REQUIRED ACTION |
An unchanged copy of every record below, without pictures, is the goal.

RECORDS SUPPLIED |
▼

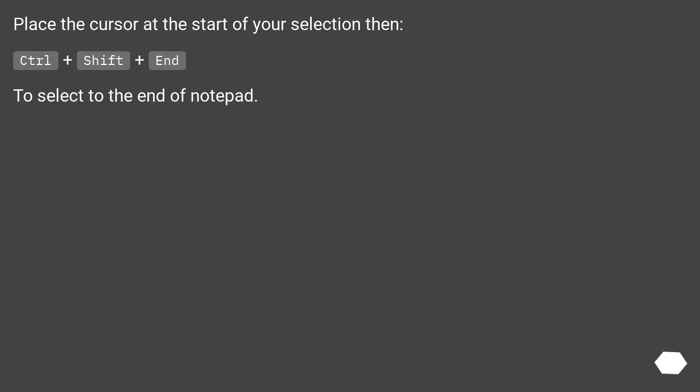Place the cursor at the start of your selection, then press Ctrl+Shift+End to select to the end of the file in Notepad.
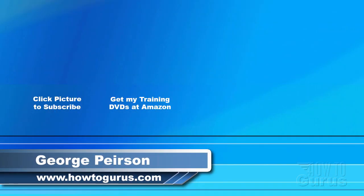If you like this video click on the like button below to let others know. You can click the subscribe button so you don't miss any of my videos in the future. I'm frequently uploading new training videos. Don't forget to check out my website at howtogurus.com.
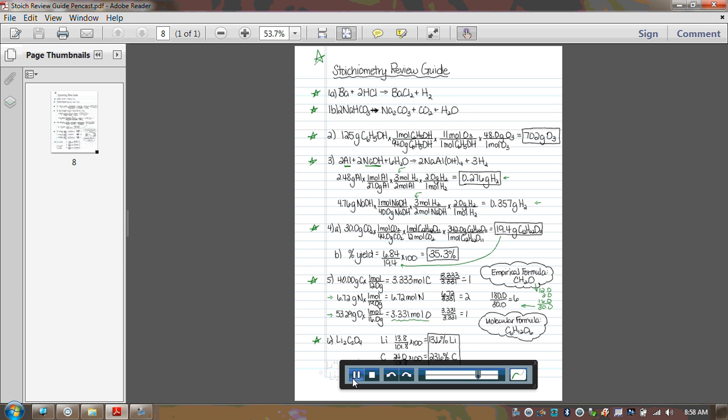And for the last problem, we wanted to do percent composition. So the first thing you have to do is write the formula for lithium oxalate. So we know lithium is a plus one charge. Oxalate is a minus two charge. And we crisscross. We get Li2C2O4. No reducing, even though they seem reducible, because ionic compounds we won't reduce if it changes the polyatomic. We usually do, but if it changes the polyatomic, we don't, and this is that case. So then I figured out my mass of two lithiums and put it over the total mass. I figured out my mass of two carbons and put it over the total mass. I figured out the mass of four oxygens and put it over the total mass.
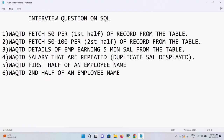Hello everyone, now we'll discuss some interview questions on SQL. These are very important questions which will be asked in interviews. We'll discuss them one by one — I have a total of six questions and I'm going to solve them one by one.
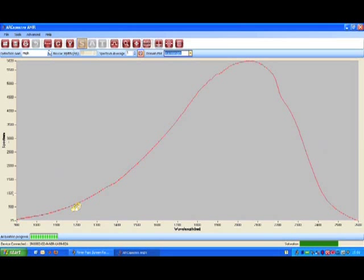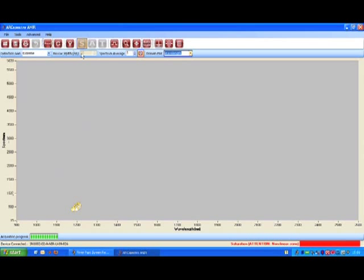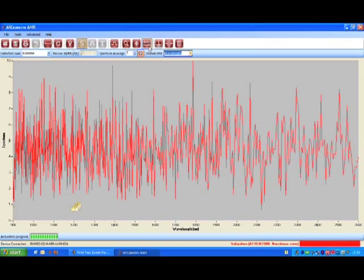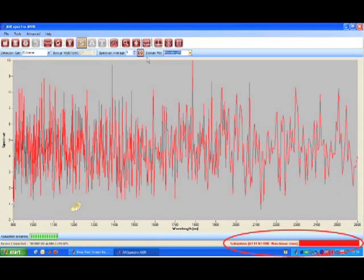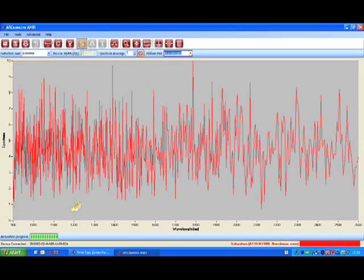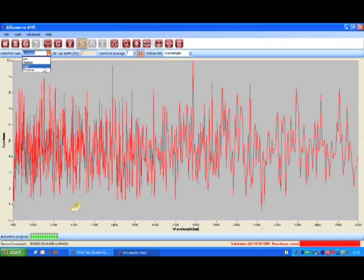However, let's turn again to the extreme level and take another measurement just to see what happens. The detector is now saturated and the instrument cannot show any physically significant data. Let's set back the gain to high and take a measurement again.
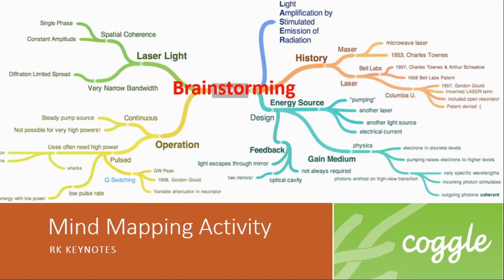Hello viewers, in this session I'm going to show you how to create a mind map using a web tool called Coggle. Mind mapping is a great brainstorming activity which improves creativity, learning and recording capability and more.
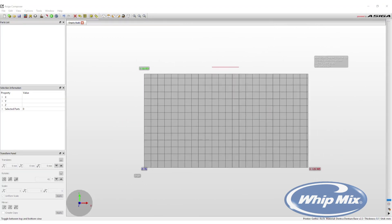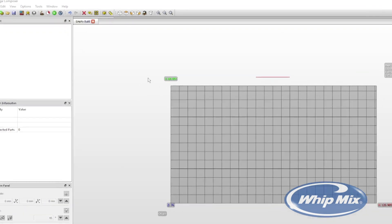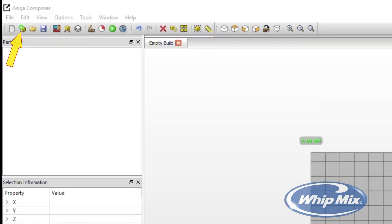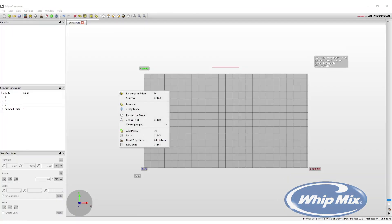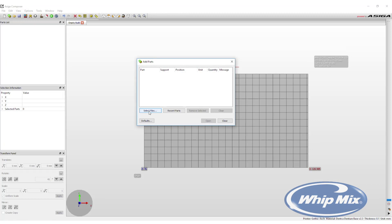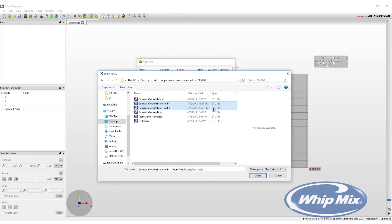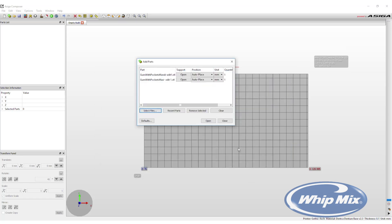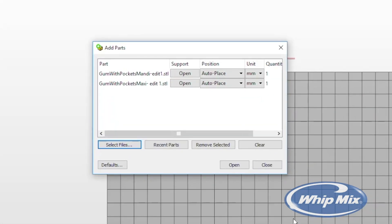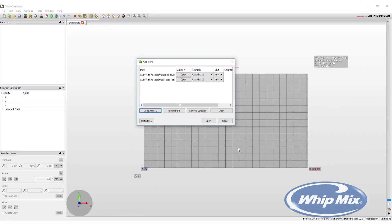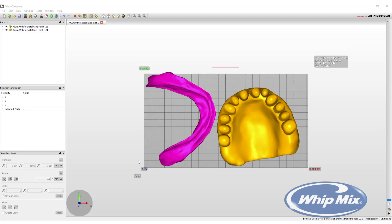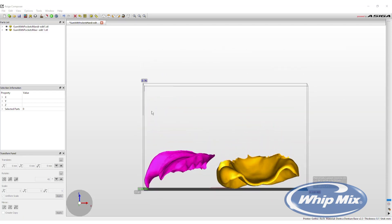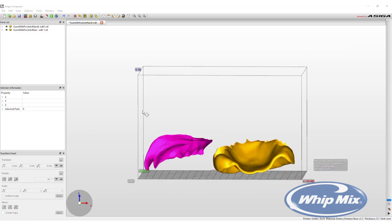There are two ways to import STL files into the build: select the Add Parts button on the toolbar, or right-click on the screen and select Add Parts. From the Add Parts window, press the Select Files button, locate the denture base files on the computer, and select Open. More than one file can be selected at a time. Once all files have been selected, hit Open again to add the files to the build.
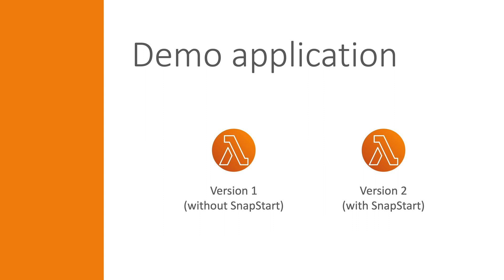Now, over to the demo. I will create two versions of a Lambda function, one without SnapStart enabled and one with, to see if there is any significant reduction in the cold start execution time. In this demo, I will assume that you are somewhat familiar with the basic concepts of AWS Lambda.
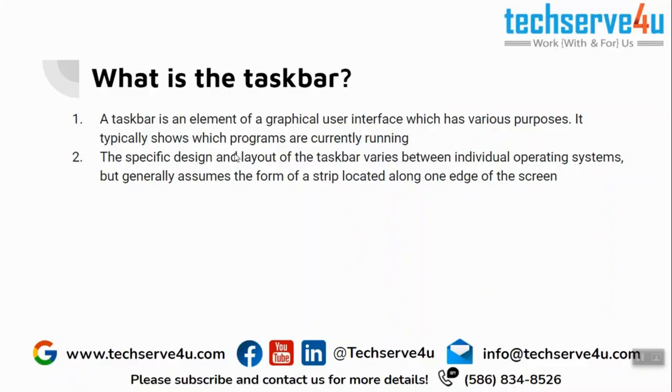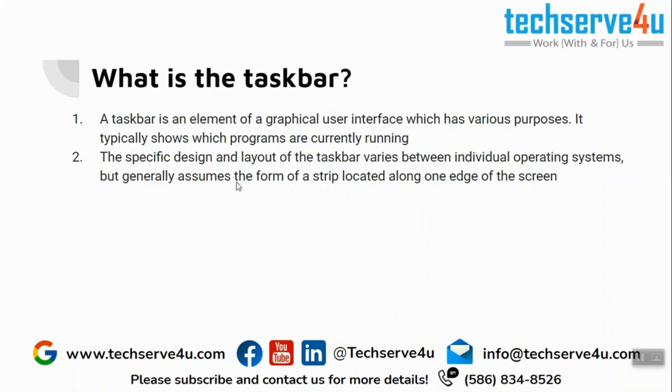A taskbar is an element in your Windows computer which allows you to switch between currently running programs. It also shows your current running programs and has the Windows search, along with icons like the battery icon, the network connectivity icon, the date and time, and other things. To learn in more details, you can come back here later.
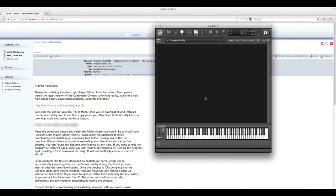Hey guys, it's Brad Halverson here. I want to show you how to load one of our player libraries into Contact. For this demo we're going to use the Requiem Lite Player Edition.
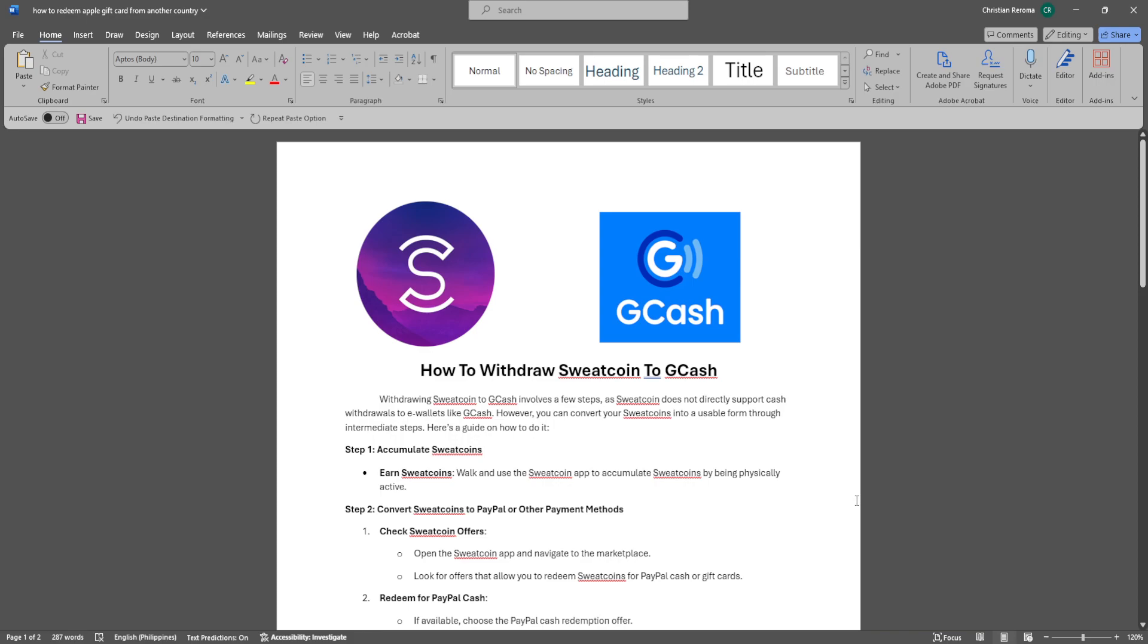Withdrawing Sweatcoin to GCash involves a few steps as Sweatcoin does not directly support cash withdrawals to e-wallets like GCash. However, you can convert your Sweatcoins into a usable form through intermediate steps.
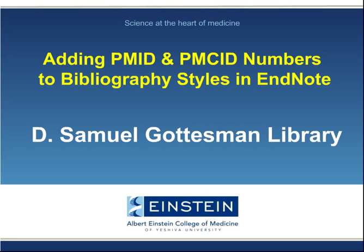This video from the D. Samuel Gottesman Library will show you how to add PubMed and PubMed Central ID numbers to reference styles using EndNote. This can help you comply with the NIH Public Access Policy.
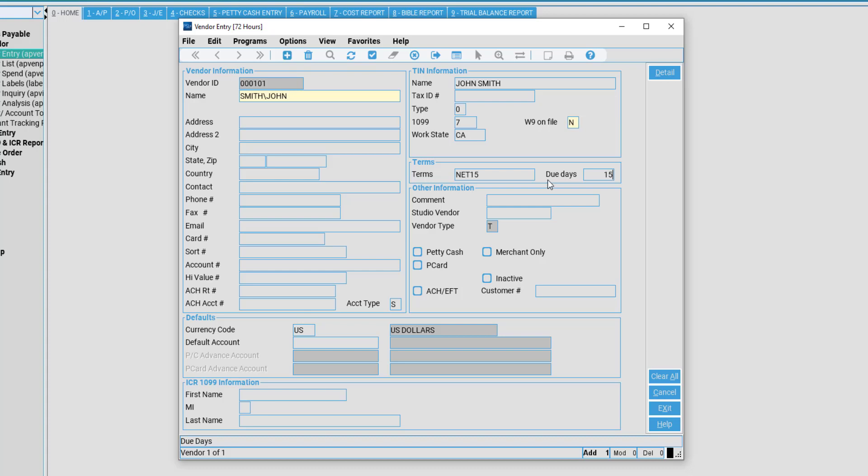Other information: We have comment. If you have any special comment about the vendor that needs to be listed in this area, you may enter it here, such as paid via check only. Studio vendor number: If your studio requires to number the vendor in any other different way, please notate that here.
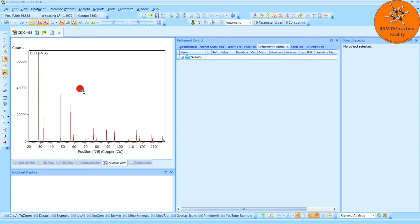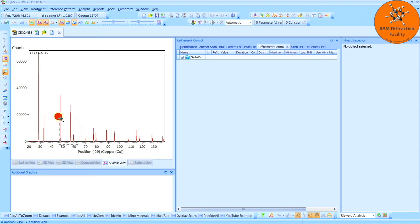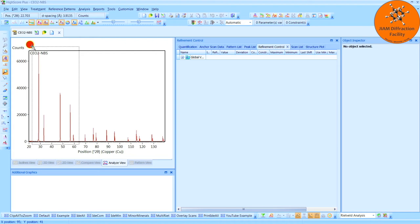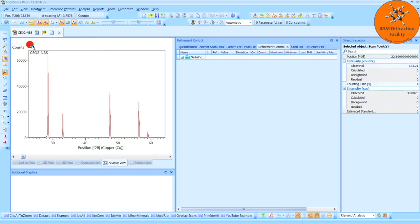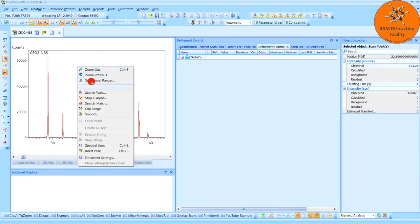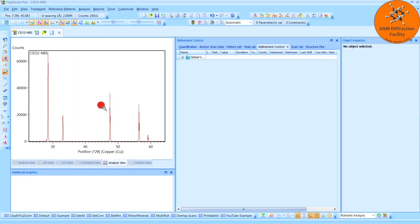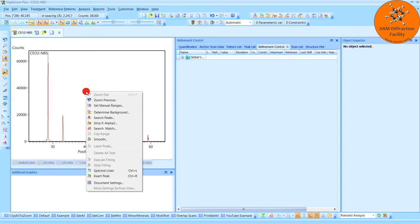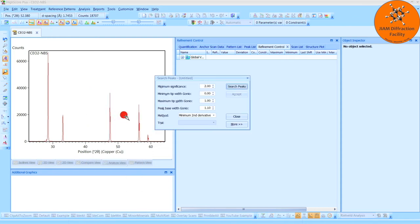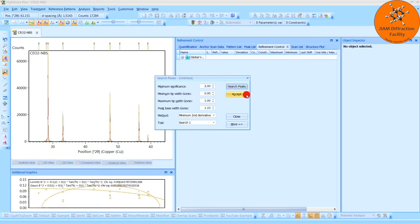So I will left-click and draw a zoom box a little bit bigger than 30 to 50. For this example, I will just do about 25 to 65. And this part is optional, but I like to right-click and then clip the range, and that deletes everything outside of this zoom window. That way, I can just focus in on these peaks. So I will right-click, search peaks. I will use whatever settings are here, and search peaks, and accept.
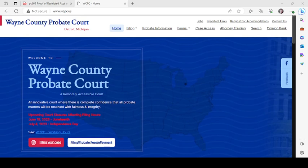Hi and welcome to the Wayne County Probate Court. This video will guide you in filling out form PC669, proof of restricted account. Before we get started, this video is not legal advice — it's for informational purposes only. If you have questions specific to your situation, you must seek legal counsel.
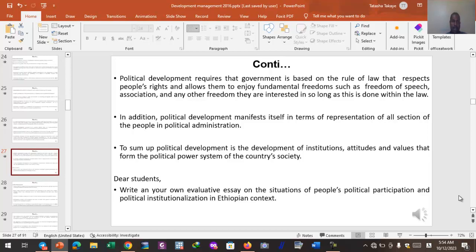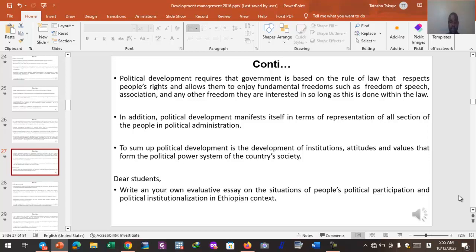Political development also manifests itself in terms of representation of all sections of the people in political administration. In politically developed countries, every section of society gets representation. There is no class, ethnicity, or religion that is discriminated against or left out of the political process. For political development to be true development, it must manifest itself in representation of all sections of the people in political administration.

▲

EXERCISE RESPONSE |
Place the cursor at the start of your selection, then press Ctrl+Shift+End to select to the end of the file in Notepad.
If you like this video click on the like button below to let others know. You can click the subscribe button so you don't miss any of my videos in the future. I'm frequently uploading new training videos. Don't forget to check out my website at howtogurus.com.
And for the last problem, we wanted to do percent composition. So the first thing you have to do is write the formula for lithium oxalate. So we know lithium is a plus one charge. Oxalate is a minus two charge. And we crisscross. We get Li2C2O4. No reducing, even though they seem reducible, because ionic compounds we won't reduce if it changes the polyatomic. We usually do, but if it changes the polyatomic, we don't, and this is that case. So then I figured out my mass of two lithiums and put it over the total mass. I figured out my mass of two carbons and put it over the total mass. I figured out the mass of four oxygens and put it over the total mass.
Hello everyone, now we'll discuss some interview questions on SQL. These are very important questions which will be asked in interviews. We'll discuss them one by one — I have a total of six questions and I'm going to solve them one by one.
However, let's turn again to the extreme level and take another measurement just to see what happens. The detector is now saturated and the instrument cannot show any physically significant data. Let's set back the gain to high and take a measurement again.
Hello viewers, in this session I'm going to show you how to create a mind map using a web tool called Coggle. Mind mapping is a great brainstorming activity which improves creativity, learning and recording capability and more.
There are two ways to import STL files into the build: select the Add Parts button on the toolbar, or right-click on the screen and select Add Parts. From the Add Parts window, press the Select Files button, locate the denture base files on the computer, and select Open. More than one file can be selected at a time. Once all files have been selected, hit Open again to add the files to the build.
Now, over to the demo. I will create two versions of a Lambda function, one without SnapStart enabled and one with, to see if there is any significant reduction in the cold start execution time. In this demo, I will assume that you are somewhat familiar with the basic concepts of AWS Lambda.
A taskbar is an element in your Windows computer which allows you to switch between currently running programs. It also shows your current running programs and has the Windows search, along with icons like the battery icon, the network connectivity icon, the date and time, and other things. To learn in more details, you can come back here later.
Hey guys, it's Brad Halverson here. I want to show you how to load one of our player libraries into Contact. For this demo we're going to use the Requiem Lite Player Edition.
Withdrawing Sweatcoin to GCash involves a few steps as Sweatcoin does not directly support cash withdrawals to e-wallets like GCash. However, you can convert your Sweatcoins into a usable form through intermediate steps.
This video from the D. Samuel Gottesman Library will show you how to add PubMed and PubMed Central ID numbers to reference styles using EndNote. This can help you comply with the NIH Public Access Policy.
Other information: We have comment. If you have any special comment about the vendor that needs to be listed in this area, you may enter it here, such as paid via check only. Studio vendor number: If your studio requires to number the vendor in any other different way, please notate that here.
So I will left-click and draw a zoom box a little bit bigger than 30 to 50. For this example, I will just do about 25 to 65. And this part is optional, but I like to right-click and then clip the range, and that deletes everything outside of this zoom window. That way, I can just focus in on these peaks. So I will right-click, search peaks. I will use whatever settings are here, and search peaks, and accept.
Hi and welcome to the Wayne County Probate Court. This video will guide you in filling out form PC669, proof of restricted account. Before we get started, this video is not legal advice — it's for informational purposes only. If you have questions specific to your situation, you must seek legal counsel.
Political development also manifests itself in terms of representation of all sections of the people in political administration. In politically developed countries, every section of society gets representation. There is no class, ethnicity, or religion that is discriminated against or left out of the political process. For political development to be true development, it must manifest itself in representation of all sections of the people in political administration.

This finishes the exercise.